[Items listed in a dataset]
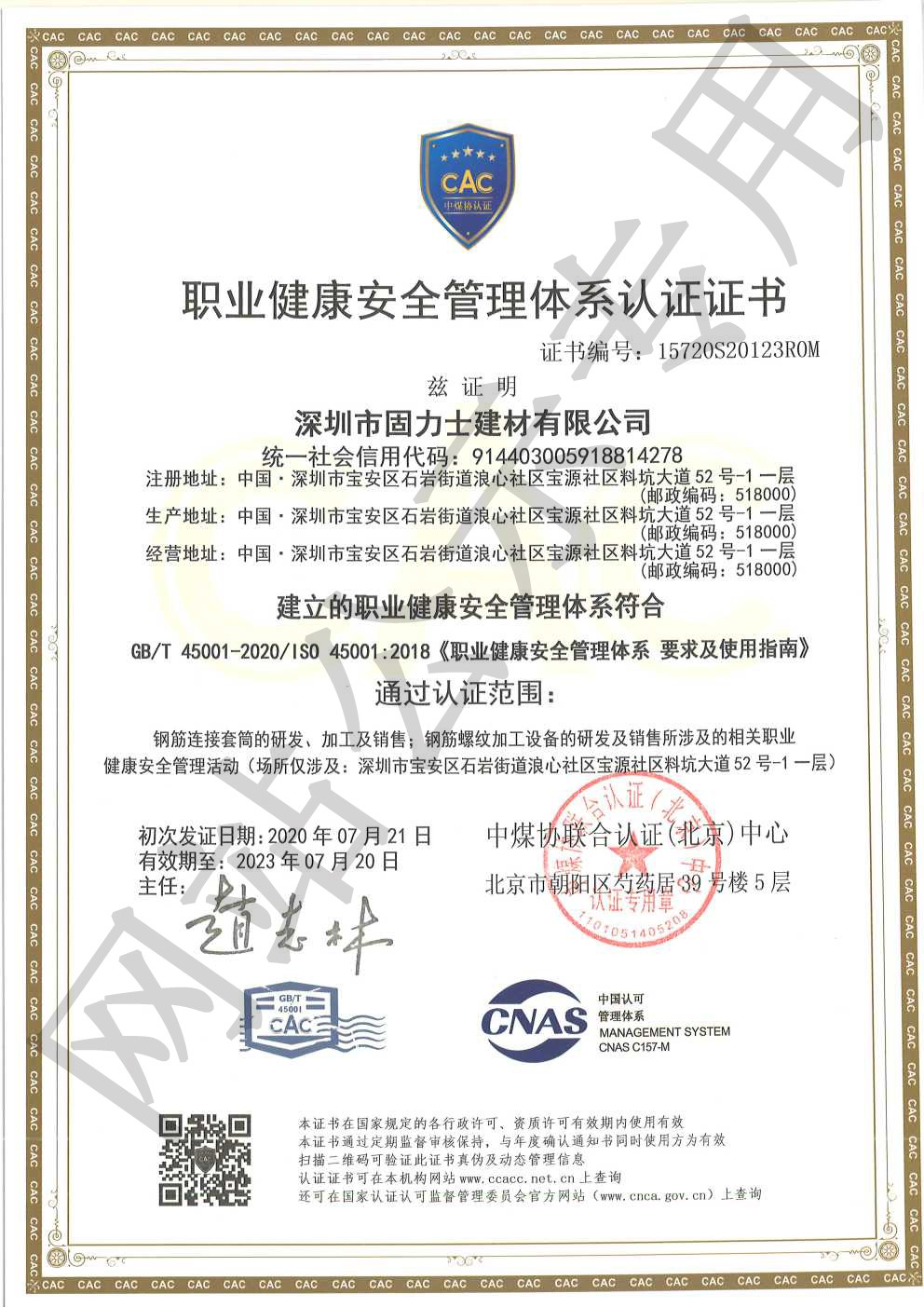 仁和ISO45001证书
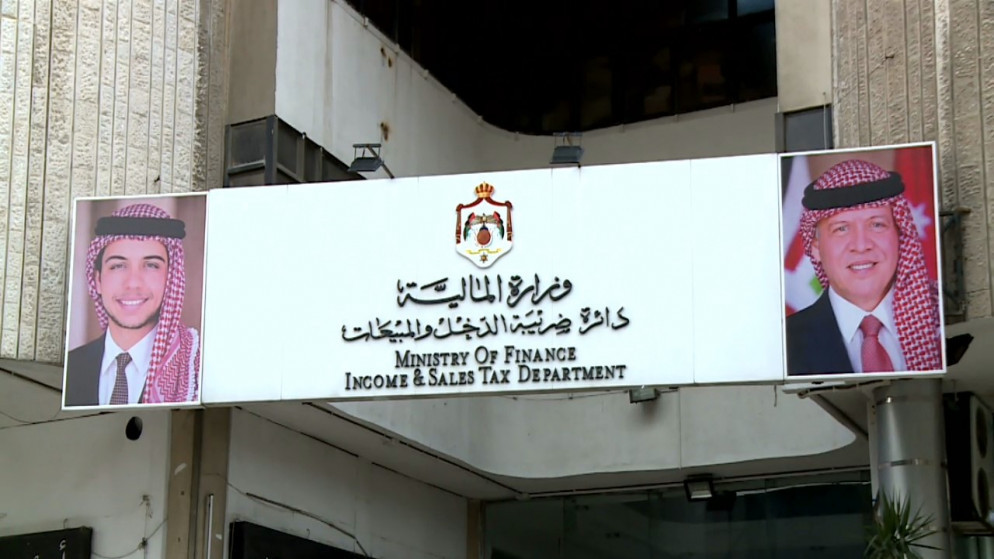 مدخل دائرة ضريبة الدخل والمبيعات في عمّان. (المملكة)
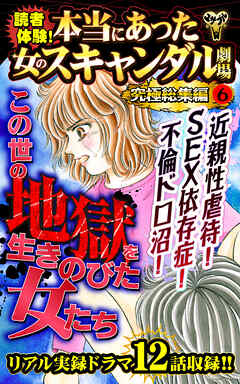 読者体験！本当にあった女のスキャンダル劇場究極総集編 6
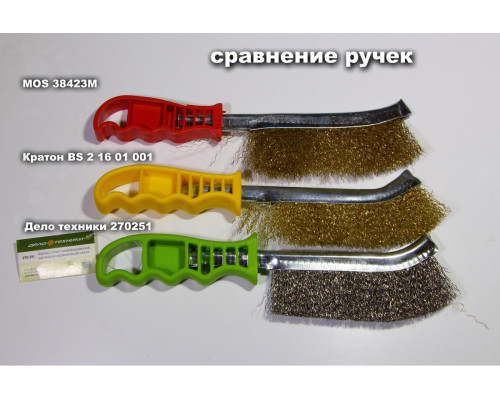 Стальная латунированная корщетка MOS 38423М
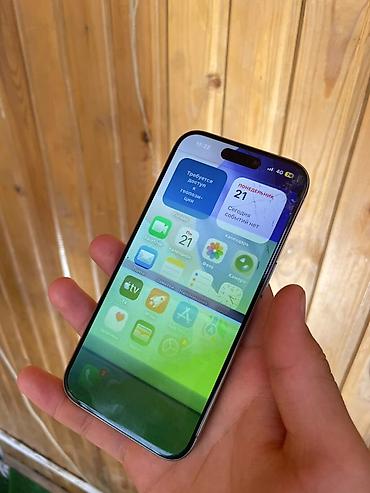 купить айфон 5 бу: IPhone 15 Pro, Б/у, 256 ГБ, Серебристый, Зарядное устройство, Чехол, 83 % — 10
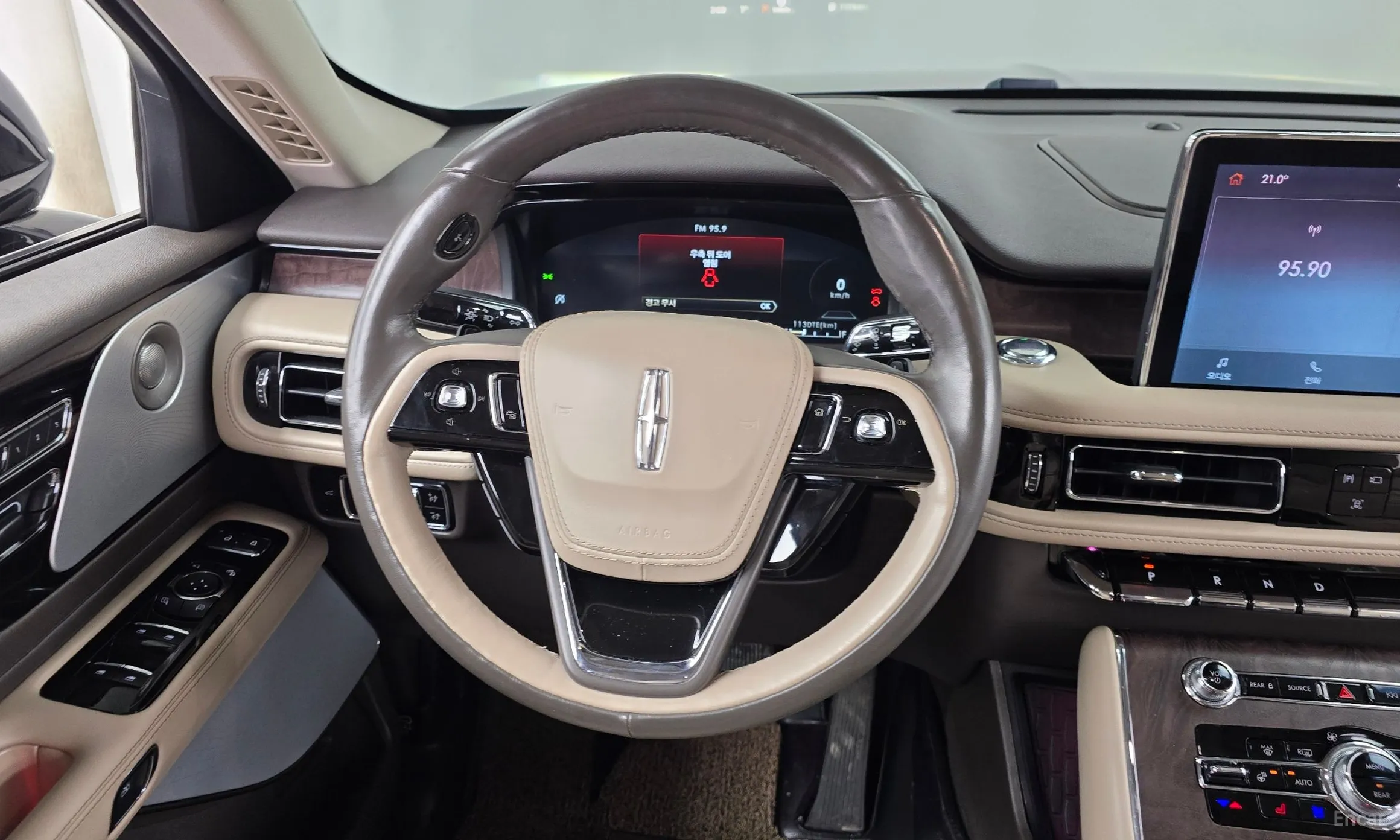 Lincoln Aviator 2nd Generation превью 13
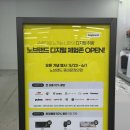 노브랜드동대문장안점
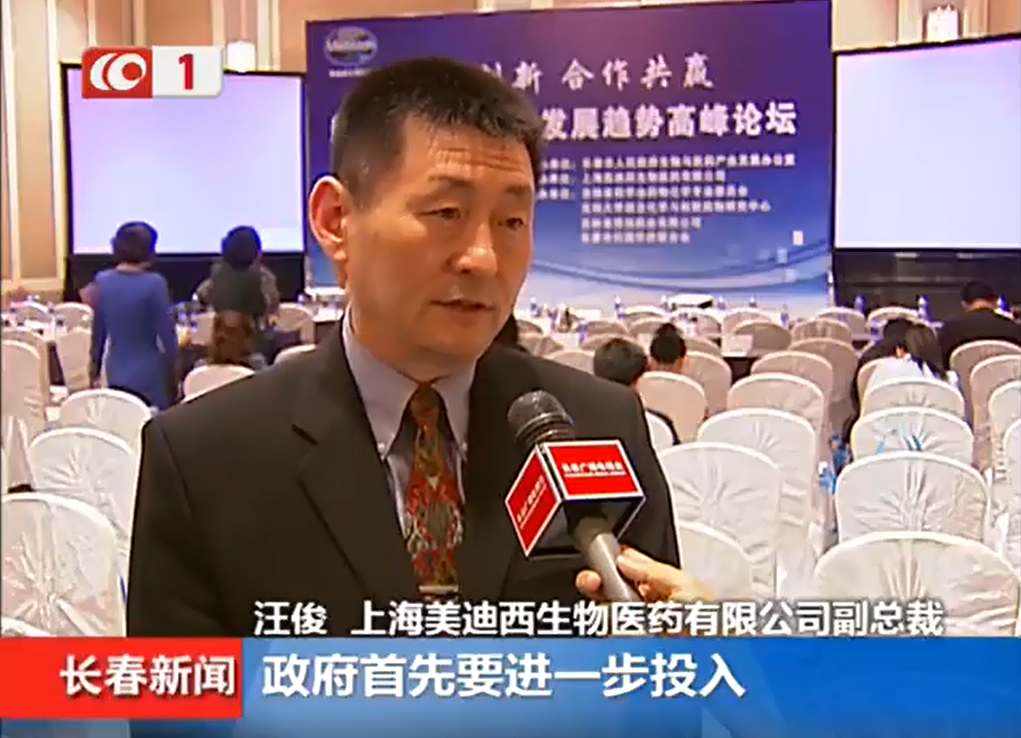BBIN游戏(集团)有限公司官网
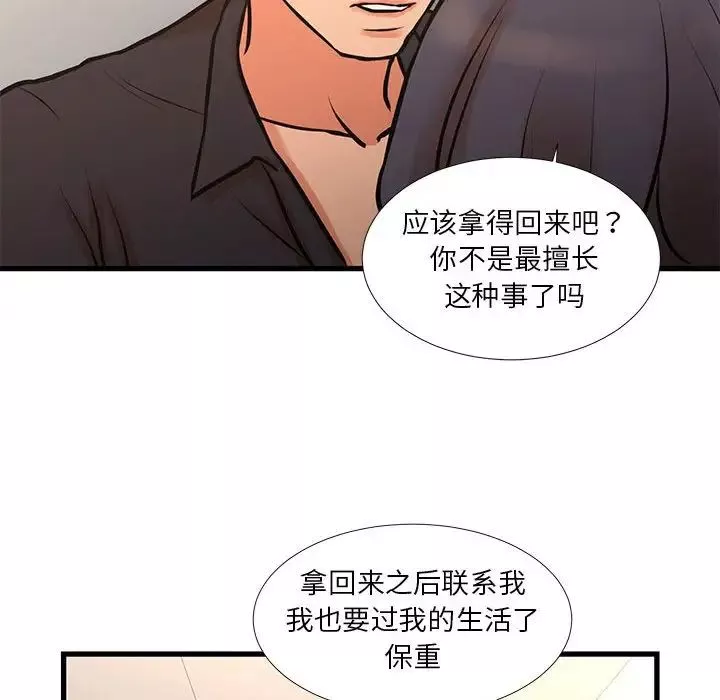 昂贵的交易-第16话 - 图片 68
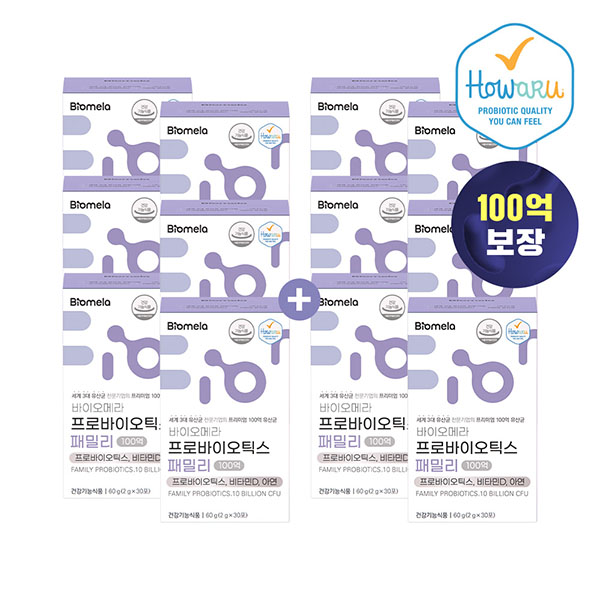 바이오메라 프로바이오틱스 패밀리 유산균 6+6박스 (12개월)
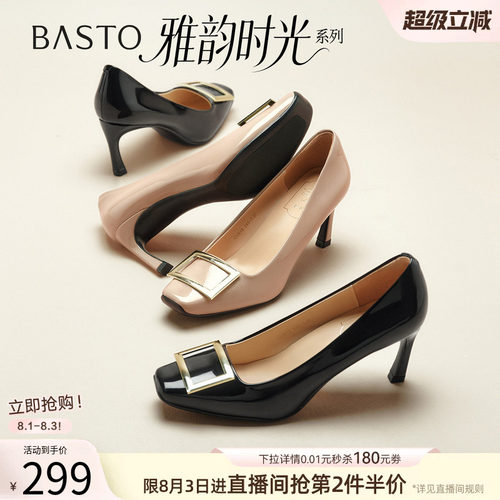 时尚潮流简约舒适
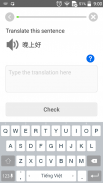 Learn Chinese Communication screenshot 2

### EXERCISE GOAL
Leave the pictures out. Transcribe exactly the lines from the one with "купить айфон 5" through the end of the records.

### ANSWER BOX
 купить айфон 5 бу: IPhone 15 Pro, Б/у, 256 ГБ, Серебристый, Зарядное устройство, Чехол, 83 % — 10
 Lincoln Aviator 2nd Generation превью 13
 노브랜드동대문장안점
BBIN游戏(集团)有限公司官网
 昂贵的交易-第16话 - 图片 68
 바이오메라 프로바이오틱스 패밀리 유산균 6+6박스 (12개월)
 时尚潮流简约舒适
 Learn Chinese Communication screenshot 2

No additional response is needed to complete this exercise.